DDDは分類法の一つという側面がある。一番大きな分類は、境界づけられたコンテキストだ。境界づけられたコンテキストはある業務領域に対応する分類の枠だ。ECサイトなら商品発送で一つのコンテキスト、請求処理で一つのコンテキスト、くらいの単位だ。

コンテキストは名前空間として働く。ドメインの用語はコンテキストの内部だけで有効だ。コンテキストを越えると同じ言葉であっても別の概念として扱わないといけない。

例えば発送処理と請求処理でコンテキストを分けているとして、それぞれのコンテキストで「顧客」という用語を使っていても、それらは別の概念だとみなさないといけない。

それぞれのコンテキストの顧客は共通のこともあるけど、業務が異なるので違う振る舞いを期待する。そういうのは別の概念として分ける。実装時にはそれぞれのクラスはそれぞれのコンテキストの中に別のクラスとして実装する。

このようにコンテキストの内部でだけ有効な用語を関係者みんなで使いましょう、それをユビキタス言語と呼びましょう、というのがユビキタス言語だ。

ユビキタス言語をうまく作用させるには、みんな(開発者もドメインエキスパートも)がユビキタス言語に則った用語を使うこと、ドメインモデルにもユビキタス言語を使った名前付けにすることが必要だ。

同じ言葉を使ってコミュニケーションすることで、ドメインを効率的に学習していくことができる。ドメインについての質問をユビキタス言語を使って行うことで、共通の言葉を使って概念を整理していくことができる。

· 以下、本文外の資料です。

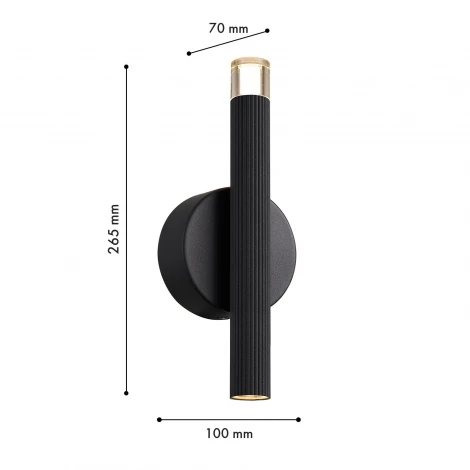 Настенный светильник Favourite Blick 4758-1W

それらのドメインの概念は、そのままプログラムでも表現する。そのために、パッケージ名、クラス名、メソッド名にもユビキタス言語をそのまま使用する。会話している言葉と同じ言葉を使ってプログラムを名前付けするために、翻訳しながらプログラムを読み取る必要がなくなる。

(コンテキストの中の)ドメインモデルの分類にはユビキタス言語を使うことになる。クラス名にはユビキタス言語で定義された用語が使われるし、用語間の関係はパッケージでグルーピングされる。パッケージの名前にもユビキタス言語で定義された用語が使われることもある。

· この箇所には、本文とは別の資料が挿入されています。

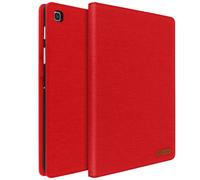 Case for Galaxy Tab S5e Flip Case with Stand Function and Wallet - Red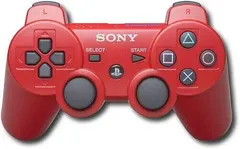 Dualshock 3 Controller Red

ドメインモデルをユビキタス言語で分類するためには、ある用語がドメインの中のある一つの概念と結びついてないといけない。そうでないと曖昧な責務になってしまうだろう。あとはある用語が2つ以上の意味に使われているといけない。

ユビキタス言語これらの性質を満たしているというのが、DDDがうまく動くはず、という根拠になっていると思う。

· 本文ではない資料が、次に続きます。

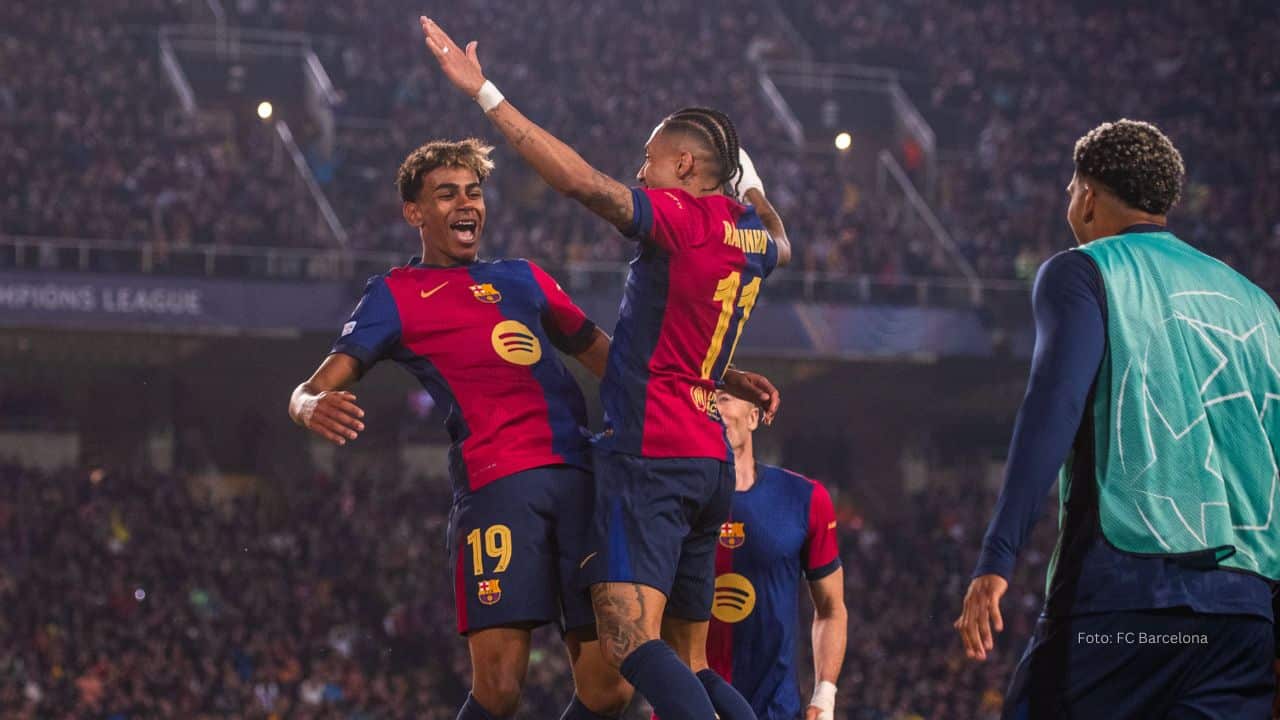 Barcelona gana al Dortmund
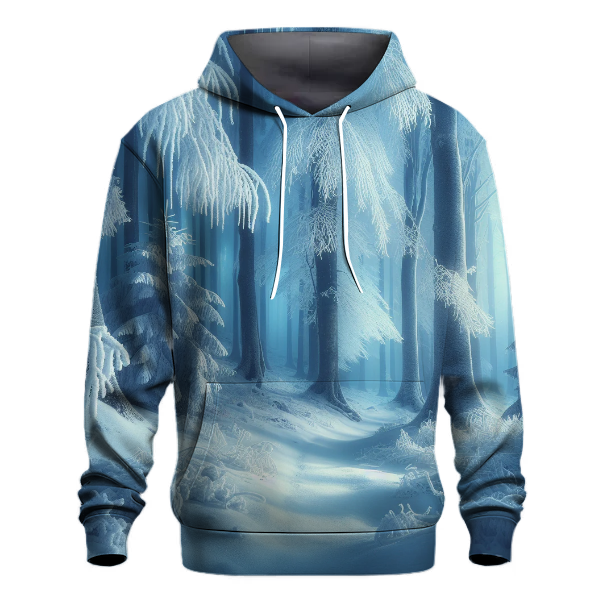 Frosted Forest Enchantment Hoodie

なぜ ユニークな概念に紐づくユビキタス言語を作ることが可能かというと、それで実際の業務が回っているから、というのが根拠になっているのではないかと思う。業務を回しているということは、曖昧な用語を使ってコミュニケーションロスが発生していないはずなのだ。

例えば新しく田中さんが職場に入ってきて、すでに田中さんがいた場合、田中博、田中太のような感じで、自動的にユニークで誤解のない呼び名が生まれるはずなのだ。業務で扱っている言葉であれば、それが誤解を生むような用語であれば業務が回らないようになってしまう。

業務を回しているということは、そのような事態は発生しないということを保証している。なので、ドメインエキスパートと開発者の間で共有できるユビキタス言語を作ることが可能なのだ。